John Kalynych, a firefighter with Lower Saucon Fire Rescue in Bethlehem, passed away in the line of duty while serving Pennsylvanians yesterday. ⁰ ⁰I've ordered our flags to fly at half-staff in Northampton County in his honor.⁰ ⁰Lori and I are sending our prayers to his…— Governor Josh Shapiro (@GovernorShapiro) August 28, 2023
Lehigh County Coroner Dan Buglio said an autopsy was scheduled for Tuesday, and he would not speculate on details of Kalynych's death before then.
Buglio and Kalynych were close friends of more than 15 years. They first met through Kalynch's landscaping company, M&J Outdoor Services, and then their jobs started to intersect in the emergency services, Buglio said.
"He was a respected leader, and always professional — never temperamental, and his knowledge is what led the way. I mean, when he led, people followed, and people knew: if John was there, that things were going to be under control."Dan Buglio, Lehigh County Coroner and friend of John Kalynch
During that time, he said, it quickly became clear how gifted Kalynych was at handling extreme situations.

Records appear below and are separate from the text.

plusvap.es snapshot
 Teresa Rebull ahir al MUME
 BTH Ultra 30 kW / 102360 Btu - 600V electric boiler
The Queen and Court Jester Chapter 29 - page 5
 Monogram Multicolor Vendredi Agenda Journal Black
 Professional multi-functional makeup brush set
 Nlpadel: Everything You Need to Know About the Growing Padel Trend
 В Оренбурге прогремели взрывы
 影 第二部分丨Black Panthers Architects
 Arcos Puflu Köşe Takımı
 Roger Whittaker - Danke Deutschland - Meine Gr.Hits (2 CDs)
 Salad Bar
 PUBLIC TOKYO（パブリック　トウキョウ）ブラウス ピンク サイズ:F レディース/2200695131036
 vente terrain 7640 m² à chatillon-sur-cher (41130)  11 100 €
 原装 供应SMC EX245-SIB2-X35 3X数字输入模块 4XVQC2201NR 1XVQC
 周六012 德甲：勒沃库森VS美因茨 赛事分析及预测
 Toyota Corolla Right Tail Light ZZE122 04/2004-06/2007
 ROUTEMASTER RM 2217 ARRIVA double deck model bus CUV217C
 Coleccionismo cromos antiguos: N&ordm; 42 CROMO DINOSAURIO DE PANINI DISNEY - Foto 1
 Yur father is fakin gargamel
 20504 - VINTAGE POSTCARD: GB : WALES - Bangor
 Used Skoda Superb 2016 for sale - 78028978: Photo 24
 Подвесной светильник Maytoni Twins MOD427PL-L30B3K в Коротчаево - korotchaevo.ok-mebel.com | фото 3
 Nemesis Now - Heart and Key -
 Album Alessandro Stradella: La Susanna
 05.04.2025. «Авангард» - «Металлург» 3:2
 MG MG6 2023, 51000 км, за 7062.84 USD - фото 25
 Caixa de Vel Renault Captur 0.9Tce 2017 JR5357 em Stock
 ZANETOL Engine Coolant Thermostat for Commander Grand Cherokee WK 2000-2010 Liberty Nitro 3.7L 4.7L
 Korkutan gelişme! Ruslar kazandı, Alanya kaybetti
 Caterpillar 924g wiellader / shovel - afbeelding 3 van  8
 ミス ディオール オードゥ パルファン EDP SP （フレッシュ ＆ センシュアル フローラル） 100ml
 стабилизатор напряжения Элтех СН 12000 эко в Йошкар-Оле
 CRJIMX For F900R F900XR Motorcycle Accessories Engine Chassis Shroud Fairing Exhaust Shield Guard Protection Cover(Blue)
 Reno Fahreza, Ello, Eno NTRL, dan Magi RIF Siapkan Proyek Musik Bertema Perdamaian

"He was a respected leader, and always professional — never temperamental," Buglio said Monday. "And his knowledge is what led the way. I mean, when he led, people followed, and people knew if John was there, that things were going to be under control."
Kalynch's level-headed approach to handling tough situations, along with his expertise, benefitted him in the fire and emergency services. Tributes poured in on social media throughout the Lehigh Valley.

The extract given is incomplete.